Histological image of an ovarian cancer patient’s tumor analyzed for IL-4. Cancer cells expressing the gene PAX8 (green) also show IL-4 expression (red), which was found to help protect the cancer cells from the immune system. [Mollaoglu et al., Cell]
Histological image of an ovarian cancer patient’s tumor analyzed for IL-4. Cancer cells expressing the gene PAX8 (green) also show IL-4 expression (red), which was found to help protect the cancer cells from the immune system. [Mollaoglu et al., Cell]

Their experiments revealed that removing the IL-4 gene from ovarian cancer cells rendered the tumors susceptible to anti-PD-1 therapy. “Surprisingly, the IL-4-deficient cancer cells were eliminated by the immune system even when mixed within tumors containing IL-4-producing cancer cells, a phenomenon known as intratumoral heterogeneity, which also contributes to drug resistance in cancer,” noted senior author Brown, who is also a Mount Sinai professor of genetic engineering.” The authors further stated, “Perturb-map recapitulated tumor heterogeneity and revealed that interleukin-4 (IL-4) promotes resistance to anti-PD-1 … IL-4 loss was not compensated by nearby IL-4-expressing clones, revealing short-range regulation of TME composition dictating tumor evolution.

The researchers then tested a combination of anti-PD-1 and IL-4 receptor-blocking drugs in mice with aggressive metastatic ovarian cancer and found that this combination treatment significantly extended survival.

Additional preclinical studies demonstrated that ovarian cancer uses IL-4 to program macrophages, a type of immune cell, into protectors of the cancer cells. The IL-4-programmed macrophages prevented T cells from killing the cancer cells. However, when IL-4 was blocked, the local environment surrounding the cancer cells changed, and this left the malignant cells susceptible to being eliminated by the immune system. “Notably, we identify IL-4 as a key factor in promoting ovarian tumor resistance to ICB and show that, although produced by only a small fraction of OvCa cells at any time, IL-4 has a significant impact on programming the TME,” the investigators wrote. “We further demonstrate OvCa cells are the key source of IL-4 in ovarian tumors and that combining PD-1 and IL-4 receptor (IL4R) blockade converts anti-PD-1 non-responsive tumors to responsive,” they noted.

To further validate their findings, the team examined specimens from human ovarian tumor resections and saw that the patients’ cancer cells also produced IL-4. Moreover, analysis of single-cell RNA sequencing data from patient tumors—which examines how genes are expressed in cells—revealed that the macrophages displayed a strong IL-4 signature, suggesting that IL-4 is playing a similar role in human ovarian cancer and may be one of the reasons patients have not benefited from immunotherapy.

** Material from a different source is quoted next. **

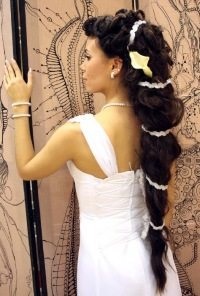 Esküvői frizura a görög stílusban különböző hosszúságú haj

“Ovarian cancer has almost been written off as non-responsive to existing immunotherapy, so it was quite stunning to us that by just blocking this one molecule, IL-4, and altering the tumor’s microenvironment, we could make these difficult-to-treat tumors more treatable,” added Brown. “This is further evidence that targeting the tumor’s neighborhood, not just the cancer cells, can be beneficial.”

While these findings are encouraging, the investigators stress that clinical trials are essential to determine whether targeting IL-4 can enhance patient outcomes. Given that dupilumab is already FDA-approved for asthma and eczema, there is potential for swift clinical testing alongside immunotherapy to enhance survival in ovarian cancer patients. Thomas Marron, MD, PhD, director of the Early Phase Trial Unit at Mount Sinai and a colleague of Brown and Baccarini, has already been running a clinical study to test whether dupilumab can improve anti-PD-1 immunotherapy in patients with lung cancer, and several patients have shown beneficial responses. “Our studies, implicating IL-4 as a mechanism of anti-PD1 resistance and the synergistic therapeutic benefit of anti-PD-1 and anti-IL-4R, suggest OvCa may also be a good candidate for combined PD1 and IL4R blockade,” the team noted in their paper.

The IL-4 pathway is already targeted for diseases like eczema, so the researchers are hopeful it can help them now target ovarian cancer. The findings may lead to new strategies and therapeutics for a cancer that is difficult to diagnose early.